╭─ Listed records
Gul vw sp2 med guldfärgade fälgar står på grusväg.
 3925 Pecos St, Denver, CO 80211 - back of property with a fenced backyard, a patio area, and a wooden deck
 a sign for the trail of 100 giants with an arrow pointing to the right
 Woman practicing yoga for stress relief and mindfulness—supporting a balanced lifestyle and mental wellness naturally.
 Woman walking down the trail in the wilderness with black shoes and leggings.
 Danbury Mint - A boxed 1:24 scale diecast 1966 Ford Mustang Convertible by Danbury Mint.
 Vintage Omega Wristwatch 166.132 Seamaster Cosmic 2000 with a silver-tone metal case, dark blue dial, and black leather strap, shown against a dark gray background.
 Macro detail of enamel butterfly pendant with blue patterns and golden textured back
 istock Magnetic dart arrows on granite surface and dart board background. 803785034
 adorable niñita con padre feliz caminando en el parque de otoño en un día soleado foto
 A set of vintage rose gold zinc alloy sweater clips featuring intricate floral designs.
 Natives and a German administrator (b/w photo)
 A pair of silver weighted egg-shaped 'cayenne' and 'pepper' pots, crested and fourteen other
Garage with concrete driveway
╰─
Exercise details = What you give back must be the stretch above, starting at the line with "Woman practicing yoga" and ending at the line with "adorable niñita con", copied exactly.

Finished exercise =
 Woman practicing yoga for stress relief and mindfulness—supporting a balanced lifestyle and mental wellness naturally.
 Woman walking down the trail in the wilderness with black shoes and leggings.
 Danbury Mint - A boxed 1:24 scale diecast 1966 Ford Mustang Convertible by Danbury Mint.
 Vintage Omega Wristwatch 166.132 Seamaster Cosmic 2000 with a silver-tone metal case, dark blue dial, and black leather strap, shown against a dark gray background.
 Macro detail of enamel butterfly pendant with blue patterns and golden textured back
 istock Magnetic dart arrows on granite surface and dart board background. 803785034
 adorable niñita con padre feliz caminando en el parque de otoño en un día soleado foto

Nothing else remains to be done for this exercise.